El auge de los fondos soberanos, las medidas comerciales agresivas, la deslocalización, el estímulo fiscal y otros métodos «capitalistas de Estado» fueron una característica notable del interregno entre 2008 y el segundo mandato de Trump. Sin embargo, como señaló Alberto Toscano, «los gestos proteccionistas actuales respetan en su mayoría las condiciones límite del neoliberalismo y sus imperativos de clase». La desglobalización y la multipolaridad reflejan las presiones hacia una nueva competencia geopolítica. Pero no muestran signos de invertir realmente la internacionalización del capitalismo.

En condiciones en las que el capital seguirá siendo transnacional, sería burdo permitir que la derecha imponga su propio pronóstico ideológico de un conflicto entre nacionalismo y globalismo. Más bien, podríamos ver el neomercantilismo de Trump —un cambio en la función del Estado hacia la búsqueda agresiva del comercio en condiciones favorables, a expensas de la pretensión de liderazgo global— como una consecuencia de la globalización máxima.

La integración del mercado mundial dio lugar a un competidor de la talla de Estados Unidos en la forma de China, destruyendo la base de las viejas estrategias de Washington de pastoreo de los intereses capitalistas (en última instancia, interesadas y de base nacional, por mucho que esas estrategias, por supuesto, lo fueran).
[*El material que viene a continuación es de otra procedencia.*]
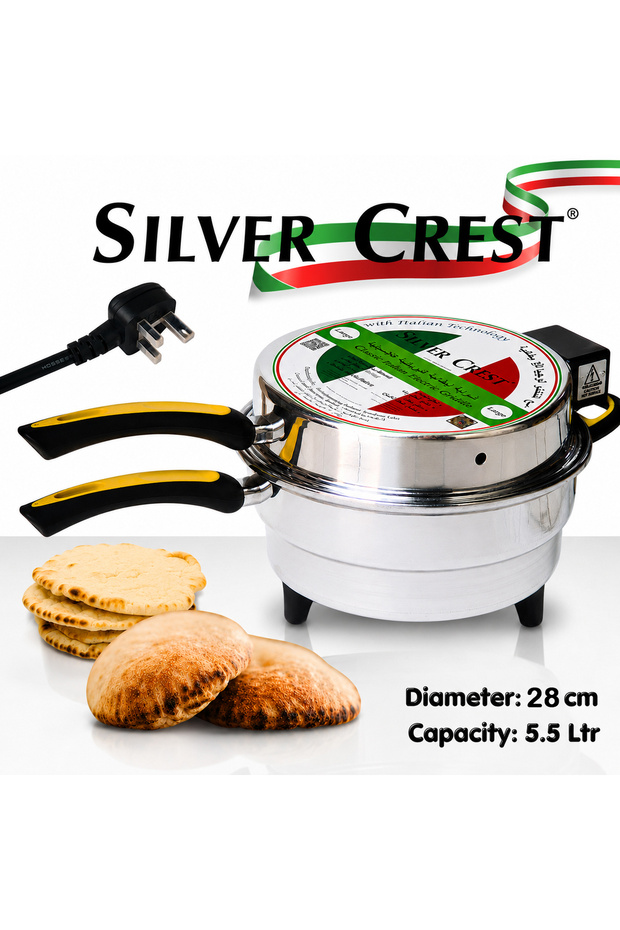 Arabic Bread Maker Oven with Italian Heating Elements, 5.5L Capacity, 28cm, Electric Mini Oven For Flatbreads - Pita, Roti, Mini Pizzas and More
La siguiente mejor opción es la que hizo volar la imaginación de Trump durante muchos años: convertir al Estado más poderoso del mundo de pastor en lobo. De este modo, su visión realista-mercantilista del mundo, por muy a medio formar y errática que sea, desempeña un papel análogo al de las doctrinas de los ideólogos neoliberales de hace tantas décadas.

Aquellos que ven el nuevo orden de Trump como una inversión —el negativo ideológico del neoliberalismo globalizado— probablemente se confundan de la misma manera que aquellos que veían el neoliberalismo como la inversión de una edad de oro socialdemócrata. Este nuevo régimen de acumulación de capital y geopolítica será «globalista» tanto por su alcance como por su naturaleza. También se forjará a través del conflicto, sin un resultado garantizado.